= Problem requirements =
Every single entry needs to appear again exactly as given.
#### Data listing
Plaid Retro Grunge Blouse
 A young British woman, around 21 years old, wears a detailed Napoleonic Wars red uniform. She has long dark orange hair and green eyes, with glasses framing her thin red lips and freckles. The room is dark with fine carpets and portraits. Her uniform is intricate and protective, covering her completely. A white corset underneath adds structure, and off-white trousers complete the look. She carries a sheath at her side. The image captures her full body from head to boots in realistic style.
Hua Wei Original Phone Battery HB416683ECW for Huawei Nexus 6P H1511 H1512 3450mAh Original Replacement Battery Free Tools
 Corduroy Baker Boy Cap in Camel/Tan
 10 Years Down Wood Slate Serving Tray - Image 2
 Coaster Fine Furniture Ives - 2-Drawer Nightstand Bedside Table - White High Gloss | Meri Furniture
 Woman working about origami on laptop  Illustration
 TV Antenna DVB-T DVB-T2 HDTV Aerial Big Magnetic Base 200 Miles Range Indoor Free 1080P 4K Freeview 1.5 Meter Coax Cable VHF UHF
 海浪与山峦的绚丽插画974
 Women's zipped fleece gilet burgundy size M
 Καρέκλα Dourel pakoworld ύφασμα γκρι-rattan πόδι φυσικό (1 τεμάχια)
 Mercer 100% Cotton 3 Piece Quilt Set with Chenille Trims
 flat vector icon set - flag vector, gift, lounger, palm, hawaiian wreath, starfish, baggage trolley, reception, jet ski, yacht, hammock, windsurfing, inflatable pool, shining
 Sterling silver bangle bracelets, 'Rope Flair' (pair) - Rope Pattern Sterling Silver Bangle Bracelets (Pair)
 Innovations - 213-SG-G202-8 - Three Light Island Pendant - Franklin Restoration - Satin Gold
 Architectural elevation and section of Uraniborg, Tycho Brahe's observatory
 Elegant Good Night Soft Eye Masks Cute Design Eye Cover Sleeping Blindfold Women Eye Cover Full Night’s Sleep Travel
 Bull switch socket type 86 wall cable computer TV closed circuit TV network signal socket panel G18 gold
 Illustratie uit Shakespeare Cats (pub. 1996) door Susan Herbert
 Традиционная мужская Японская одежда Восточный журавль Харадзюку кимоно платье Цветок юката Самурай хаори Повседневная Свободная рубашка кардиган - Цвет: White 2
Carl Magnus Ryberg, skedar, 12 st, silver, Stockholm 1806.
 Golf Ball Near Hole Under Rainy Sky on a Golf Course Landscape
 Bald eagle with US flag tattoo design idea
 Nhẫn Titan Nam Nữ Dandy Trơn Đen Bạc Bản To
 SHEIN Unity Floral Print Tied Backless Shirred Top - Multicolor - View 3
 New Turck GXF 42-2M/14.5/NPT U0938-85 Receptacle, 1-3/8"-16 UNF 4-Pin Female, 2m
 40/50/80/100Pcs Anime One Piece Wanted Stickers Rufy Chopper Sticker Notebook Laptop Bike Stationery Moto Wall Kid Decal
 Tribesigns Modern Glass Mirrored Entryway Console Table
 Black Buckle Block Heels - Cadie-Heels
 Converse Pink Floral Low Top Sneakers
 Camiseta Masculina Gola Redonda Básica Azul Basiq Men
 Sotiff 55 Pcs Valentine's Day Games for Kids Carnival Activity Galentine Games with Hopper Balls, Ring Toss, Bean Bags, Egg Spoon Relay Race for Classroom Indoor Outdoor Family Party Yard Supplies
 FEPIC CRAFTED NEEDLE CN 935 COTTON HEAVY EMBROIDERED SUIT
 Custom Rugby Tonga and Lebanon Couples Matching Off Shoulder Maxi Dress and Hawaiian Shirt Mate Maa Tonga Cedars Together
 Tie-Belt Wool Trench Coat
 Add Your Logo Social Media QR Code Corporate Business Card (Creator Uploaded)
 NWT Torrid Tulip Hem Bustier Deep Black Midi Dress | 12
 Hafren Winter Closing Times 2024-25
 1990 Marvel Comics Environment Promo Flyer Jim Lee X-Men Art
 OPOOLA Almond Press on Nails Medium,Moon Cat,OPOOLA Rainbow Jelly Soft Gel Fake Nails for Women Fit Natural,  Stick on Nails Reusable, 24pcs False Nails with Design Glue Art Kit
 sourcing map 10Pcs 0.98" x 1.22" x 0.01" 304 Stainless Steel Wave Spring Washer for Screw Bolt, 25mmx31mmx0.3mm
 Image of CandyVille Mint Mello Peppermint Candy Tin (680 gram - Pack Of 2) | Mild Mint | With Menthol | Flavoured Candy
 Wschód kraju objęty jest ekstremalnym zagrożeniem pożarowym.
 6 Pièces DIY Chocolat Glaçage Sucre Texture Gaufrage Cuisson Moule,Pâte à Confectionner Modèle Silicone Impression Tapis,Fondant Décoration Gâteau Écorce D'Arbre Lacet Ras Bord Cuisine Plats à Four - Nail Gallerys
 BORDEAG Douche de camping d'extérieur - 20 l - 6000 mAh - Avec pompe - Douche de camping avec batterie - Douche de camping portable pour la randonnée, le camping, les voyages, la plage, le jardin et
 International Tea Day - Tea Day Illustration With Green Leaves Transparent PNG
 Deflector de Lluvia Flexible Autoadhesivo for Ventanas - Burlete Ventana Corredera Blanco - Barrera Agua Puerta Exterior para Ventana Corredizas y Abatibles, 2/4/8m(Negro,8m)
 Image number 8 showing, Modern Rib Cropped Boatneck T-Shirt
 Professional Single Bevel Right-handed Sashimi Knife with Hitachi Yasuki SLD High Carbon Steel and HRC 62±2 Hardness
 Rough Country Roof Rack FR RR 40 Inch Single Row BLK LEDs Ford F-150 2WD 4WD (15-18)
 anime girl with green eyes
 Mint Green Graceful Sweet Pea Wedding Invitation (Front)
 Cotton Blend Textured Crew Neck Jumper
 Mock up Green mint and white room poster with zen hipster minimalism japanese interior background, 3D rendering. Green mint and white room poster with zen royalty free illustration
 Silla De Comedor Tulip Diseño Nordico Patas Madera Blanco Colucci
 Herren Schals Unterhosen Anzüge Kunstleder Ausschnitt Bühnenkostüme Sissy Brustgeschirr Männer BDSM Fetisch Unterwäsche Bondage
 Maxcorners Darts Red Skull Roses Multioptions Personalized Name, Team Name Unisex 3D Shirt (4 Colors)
########
= Problem solution =
Plaid Retro Grunge Blouse
 A young British woman, around 21 years old, wears a detailed Napoleonic Wars red uniform. She has long dark orange hair and green eyes, with glasses framing her thin red lips and freckles. The room is dark with fine carpets and portraits. Her uniform is intricate and protective, covering her completely. A white corset underneath adds structure, and off-white trousers complete the look. She carries a sheath at her side. The image captures her full body from head to boots in realistic style.
Hua Wei Original Phone Battery HB416683ECW for Huawei Nexus 6P H1511 H1512 3450mAh Original Replacement Battery Free Tools
 Corduroy Baker Boy Cap in Camel/Tan
 10 Years Down Wood Slate Serving Tray - Image 2
 Coaster Fine Furniture Ives - 2-Drawer Nightstand Bedside Table - White High Gloss | Meri Furniture
 Woman working about origami on laptop  Illustration
 TV Antenna DVB-T DVB-T2 HDTV Aerial Big Magnetic Base 200 Miles Range Indoor Free 1080P 4K Freeview 1.5 Meter Coax Cable VHF UHF
 海浪与山峦的绚丽插画974
 Women's zipped fleece gilet burgundy size M
 Καρέκλα Dourel pakoworld ύφασμα γκρι-rattan πόδι φυσικό (1 τεμάχια)
 Mercer 100% Cotton 3 Piece Quilt Set with Chenille Trims
 flat vector icon set - flag vector, gift, lounger, palm, hawaiian wreath, starfish, baggage trolley, reception, jet ski, yacht, hammock, windsurfing, inflatable pool, shining
 Sterling silver bangle bracelets, 'Rope Flair' (pair) - Rope Pattern Sterling Silver Bangle Bracelets (Pair)
 Innovations - 213-SG-G202-8 - Three Light Island Pendant - Franklin Restoration - Satin Gold
 Architectural elevation and section of Uraniborg, Tycho Brahe's observatory
 Elegant Good Night Soft Eye Masks Cute Design Eye Cover Sleeping Blindfold Women Eye Cover Full Night’s Sleep Travel
 Bull switch socket type 86 wall cable computer TV closed circuit TV network signal socket panel G18 gold
 Illustratie uit Shakespeare Cats (pub. 1996) door Susan Herbert
 Традиционная мужская Японская одежда Восточный журавль Харадзюку кимоно платье Цветок юката Самурай хаори Повседневная Свободная рубашка кардиган - Цвет: White 2
Carl Magnus Ryberg, skedar, 12 st, silver, Stockholm 1806.
 Golf Ball Near Hole Under Rainy Sky on a Golf Course Landscape
 Bald eagle with US flag tattoo design idea
 Nhẫn Titan Nam Nữ Dandy Trơn Đen Bạc Bản To
 SHEIN Unity Floral Print Tied Backless Shirred Top - Multicolor - View 3
 New Turck GXF 42-2M/14.5/NPT U0938-85 Receptacle, 1-3/8"-16 UNF 4-Pin Female, 2m
 40/50/80/100Pcs Anime One Piece Wanted Stickers Rufy Chopper Sticker Notebook Laptop Bike Stationery Moto Wall Kid Decal
 Tribesigns Modern Glass Mirrored Entryway Console Table
 Black Buckle Block Heels - Cadie-Heels
 Converse Pink Floral Low Top Sneakers
 Camiseta Masculina Gola Redonda Básica Azul Basiq Men
 Sotiff 55 Pcs Valentine's Day Games for Kids Carnival Activity Galentine Games with Hopper Balls, Ring Toss, Bean Bags, Egg Spoon Relay Race for Classroom Indoor Outdoor Family Party Yard Supplies
 FEPIC CRAFTED NEEDLE CN 935 COTTON HEAVY EMBROIDERED SUIT
 Custom Rugby Tonga and Lebanon Couples Matching Off Shoulder Maxi Dress and Hawaiian Shirt Mate Maa Tonga Cedars Together
 Tie-Belt Wool Trench Coat
 Add Your Logo Social Media QR Code Corporate Business Card (Creator Uploaded)
 NWT Torrid Tulip Hem Bustier Deep Black Midi Dress | 12
 Hafren Winter Closing Times 2024-25
 1990 Marvel Comics Environment Promo Flyer Jim Lee X-Men Art
 OPOOLA Almond Press on Nails Medium,Moon Cat,OPOOLA Rainbow Jelly Soft Gel Fake Nails for Women Fit Natural,  Stick on Nails Reusable, 24pcs False Nails with Design Glue Art Kit
 sourcing map 10Pcs 0.98" x 1.22" x 0.01" 304 Stainless Steel Wave Spring Washer for Screw Bolt, 25mmx31mmx0.3mm
 Image of CandyVille Mint Mello Peppermint Candy Tin (680 gram - Pack Of 2) | Mild Mint | With Menthol | Flavoured Candy
 Wschód kraju objęty jest ekstremalnym zagrożeniem pożarowym.
 6 Pièces DIY Chocolat Glaçage Sucre Texture Gaufrage Cuisson Moule,Pâte à Confectionner Modèle Silicone Impression Tapis,Fondant Décoration Gâteau Écorce D'Arbre Lacet Ras Bord Cuisine Plats à Four - Nail Gallerys
 BORDEAG Douche de camping d'extérieur - 20 l - 6000 mAh - Avec pompe - Douche de camping avec batterie - Douche de camping portable pour la randonnée, le camping, les voyages, la plage, le jardin et
 International Tea Day - Tea Day Illustration With Green Leaves Transparent PNG
 Deflector de Lluvia Flexible Autoadhesivo for Ventanas - Burlete Ventana Corredera Blanco - Barrera Agua Puerta Exterior para Ventana Corredizas y Abatibles, 2/4/8m(Negro,8m)
 Image number 8 showing, Modern Rib Cropped Boatneck T-Shirt
 Professional Single Bevel Right-handed Sashimi Knife with Hitachi Yasuki SLD High Carbon Steel and HRC 62±2 Hardness
 Rough Country Roof Rack FR RR 40 Inch Single Row BLK LEDs Ford F-150 2WD 4WD (15-18)
 anime girl with green eyes
 Mint Green Graceful Sweet Pea Wedding Invitation (Front)
 Cotton Blend Textured Crew Neck Jumper
 Mock up Green mint and white room poster with zen hipster minimalism japanese interior background, 3D rendering. Green mint and white room poster with zen royalty free illustration
 Silla De Comedor Tulip Diseño Nordico Patas Madera Blanco Colucci
 Herren Schals Unterhosen Anzüge Kunstleder Ausschnitt Bühnenkostüme Sissy Brustgeschirr Männer BDSM Fetisch Unterwäsche Bondage
 Maxcorners Darts Red Skull Roses Multioptions Personalized Name, Team Name Unisex 3D Shirt (4 Colors)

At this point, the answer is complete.